Unter Federführung der Deutschen Gesellschaft für Orthopädie und Orthopädische Chirurgie haben 14 deutsche Fachgesellschaften und Verbände als Ergänzung zur bestehenden Leitlinie für den nicht spezifischen Kreuzschmerz eine neue Leitlinie zu den verschiedenen Formen von spezifischem Kreuzschmerz herausgegeben.
AWMF

Die Leitlinie «Spezifischer Kreuzschmerz» gilt bei Verdacht auf einen spezifischen Kreuzschmerz beziehungsweise wenn eine leitliniengerechte Therapie gegen nicht spezifischen Kreuzschmerz nicht zielführend sei, heisst es in der Einleitung der neuen Leitlinien. Bei schmerzhaften Erkrankungen der Wirbelsäule gelten in den ersten zwei bis drei Wochen die Empfehlungen der Leitlinie zum nicht spezifischen Kreuzschmerz, sofern sich keine eindeutigen Hinweise auf eine spezifische Ursache finden. Zum spezifischen Kreuzschmerz werden in der Leitlinie morphologische Entitäten (lumbales Facettensyndrom/Spondylarthrose, diskogenes Lumbalsyndrom bei Osteochondrose, axiale Spondyloarthritis, Morbus Baastrup, Spinalkanalstenose, Spondylolyse/-listhesis, Bandscheibenvorfall, osteoporotische Wirbelkörperfraktur und pathologische Prozesse in den Sakroiliakalgelenken) besprochen, wobei die Kapitel zu Bandscheibenvorfall, osteoporotischer Wirbelkörperfraktur und pathologischen Prozessen in den Sakroiliakalgelenken als Ursachen für spezifischen Rückenschmerz erst bei der nächsten Aktualisierung der Leitlinie ergänzt werden.
MERKSÄTZE
 Bei schmerzhaften Erkrankungen der Wirbelsäule gelten in den ersten zwei bis drei Wochen die Empfehlungen der Leitlinie zum nicht spezifischen Kreuzschmerz.

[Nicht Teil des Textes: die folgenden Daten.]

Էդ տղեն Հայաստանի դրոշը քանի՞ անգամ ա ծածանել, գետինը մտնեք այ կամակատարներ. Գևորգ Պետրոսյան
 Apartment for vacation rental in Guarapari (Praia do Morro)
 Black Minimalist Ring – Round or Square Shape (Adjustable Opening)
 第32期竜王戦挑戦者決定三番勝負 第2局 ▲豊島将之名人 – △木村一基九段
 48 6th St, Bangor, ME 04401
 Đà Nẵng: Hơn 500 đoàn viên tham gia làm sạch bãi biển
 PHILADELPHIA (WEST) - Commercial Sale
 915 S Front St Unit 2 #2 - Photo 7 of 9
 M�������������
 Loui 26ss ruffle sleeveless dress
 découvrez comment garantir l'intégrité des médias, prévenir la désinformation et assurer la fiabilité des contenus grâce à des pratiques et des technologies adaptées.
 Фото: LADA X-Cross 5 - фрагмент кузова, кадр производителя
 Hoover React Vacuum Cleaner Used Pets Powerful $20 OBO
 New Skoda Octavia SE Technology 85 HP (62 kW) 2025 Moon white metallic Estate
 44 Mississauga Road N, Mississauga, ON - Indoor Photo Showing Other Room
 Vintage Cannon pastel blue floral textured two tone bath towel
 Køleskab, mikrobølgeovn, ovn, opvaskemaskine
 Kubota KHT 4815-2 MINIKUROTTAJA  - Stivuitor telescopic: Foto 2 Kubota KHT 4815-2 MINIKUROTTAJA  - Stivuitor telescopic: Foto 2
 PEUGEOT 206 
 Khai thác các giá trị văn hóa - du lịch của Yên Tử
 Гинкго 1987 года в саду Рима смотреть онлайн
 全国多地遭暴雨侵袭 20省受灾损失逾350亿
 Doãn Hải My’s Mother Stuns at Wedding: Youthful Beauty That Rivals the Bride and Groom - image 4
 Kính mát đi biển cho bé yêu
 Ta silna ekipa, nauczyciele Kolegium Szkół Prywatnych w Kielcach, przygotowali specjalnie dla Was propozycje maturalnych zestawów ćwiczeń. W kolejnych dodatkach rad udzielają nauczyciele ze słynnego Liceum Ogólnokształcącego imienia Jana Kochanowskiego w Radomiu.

 Wenn der Verdacht auf einen spezifischen Kreuzschmerz besteht und die initiale Therapie für einen nicht spezifischen Kreuzschmerz nicht zielführend war, soll die Leitlinie zum spezifischen Kreuzschmerz beigezogen werden.
 Diese differenziert in morphologische Entitäten (z.B. lumbales Facettensyndrom, diskogenes Lumbalsyndrom, axiale Spondyloarthritis, M. Baastrup, Spinalkanalstenose, Spondylolisthesis, Bandscheibenvorfall, Wirbelkörperfraktur) und funktionelle Entitäten (myofasziale Dysfunktion, Blockierung) sowie psychosoziale Entitäten (nicht spezifische, funktionelle und somatoforme Körperbeschwerden, Fibromyalgiesyndrom).

Davon sind funktionelle Entitäten (myofasziale Dysfunktion, hypomobile segmentale Dysfunktion der Lendenwirbelsäule) sowie psychosoziale Entitäten (nicht spezifische, funktionelle und somatoforme Körperbeschwerden, Fibromyalgiesyndrom) abzugrenzen. Psychosoziale Entitäten (nicht spezifische, funktionelle und somatoforme Körperbeschwerden und Fibromyalgiesyndrom) werden in eigenen Leitlinien dargestellt.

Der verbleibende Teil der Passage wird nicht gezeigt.